- Also known as: Safety First!
- Genre: Variety, Infotainment
- Written by: Lee Hyun-joo, Yoon Yung-kyung, Kim Hye-jung, Jung Ji-hyun, Lee Seo-eon, Park Kyung-jin, Park Min-jung, Sim Pyeong-eon
- Starring: Kim Jong-kook Lee Sang-hun Shin Dong-woo Park Jun-gyu Yu Jae-hwan
- Country of origin: South Korea
- Original language: Korean
- No. of seasons: 1
- No. of episodes: 527

Production
- Executive producer: Lee Hwang-sun
- Producers: Heo Joo-yung, Park Hyun-jin, Koo Min-jung
- Running time: 60 minutes
- Production company: KOEN MEDIA

Original release
- Network: KBS 2TV
- Release: July 9, 2005 (1, First) – April 11, 2016 (527, Final)

= Crisis Escape No. 1 =

South Korean television series

Crisis Escape No. 1 is a 2005 South Korean television program. It aired on KBS 2TV on Monday at 20:55 from July 9, 2005 to April 11, 2016.

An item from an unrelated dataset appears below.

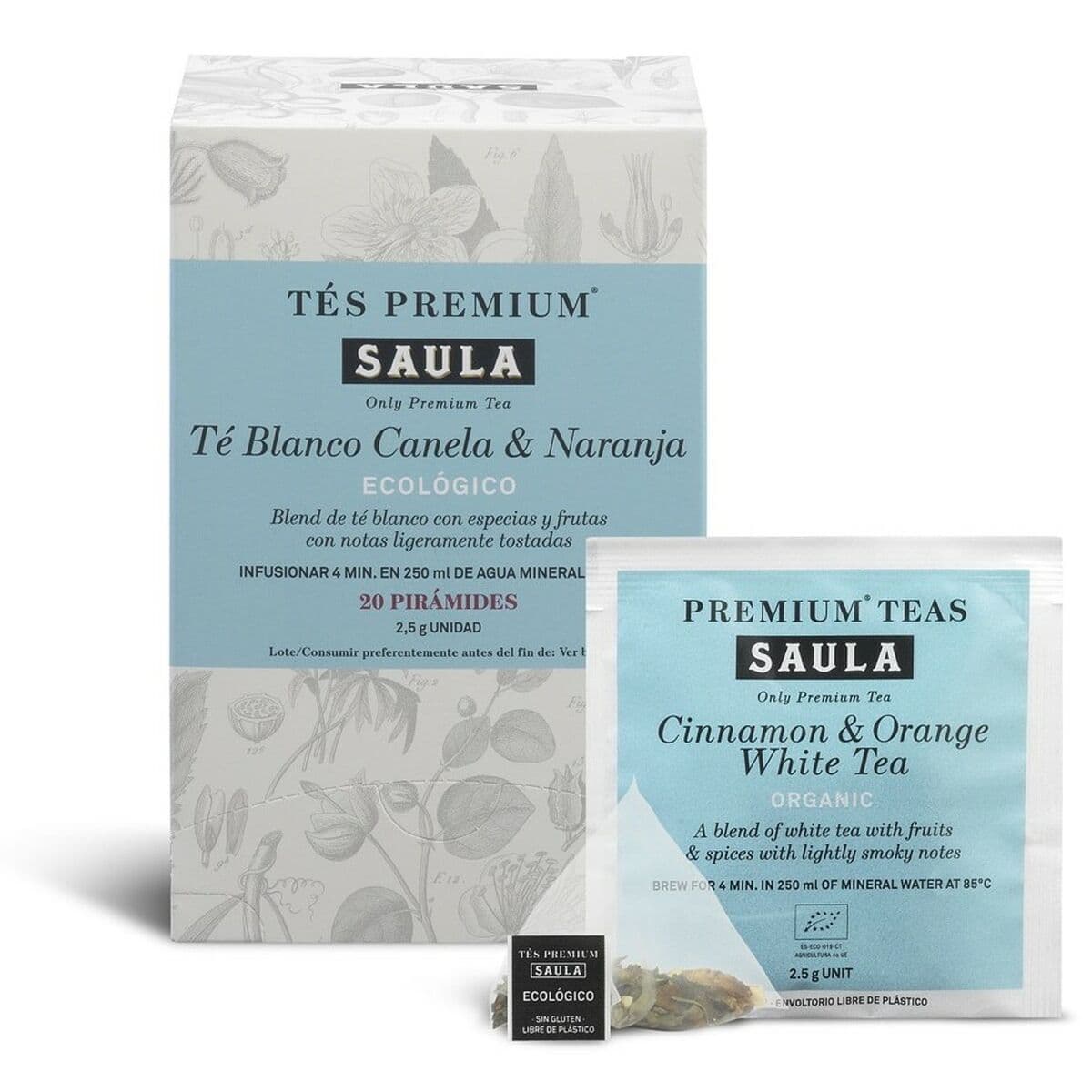 Tè Bianco Saula PIR.C20UNI (10 Unità)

The shows aims to inform its viewers about how to overcome various crises that they may encounter in their lives, and claims they will make everyone experts at safety. It not only discusses crises such as natural disasters, it covers the topic of daily crises and how to avoid them, as well as overcoming them.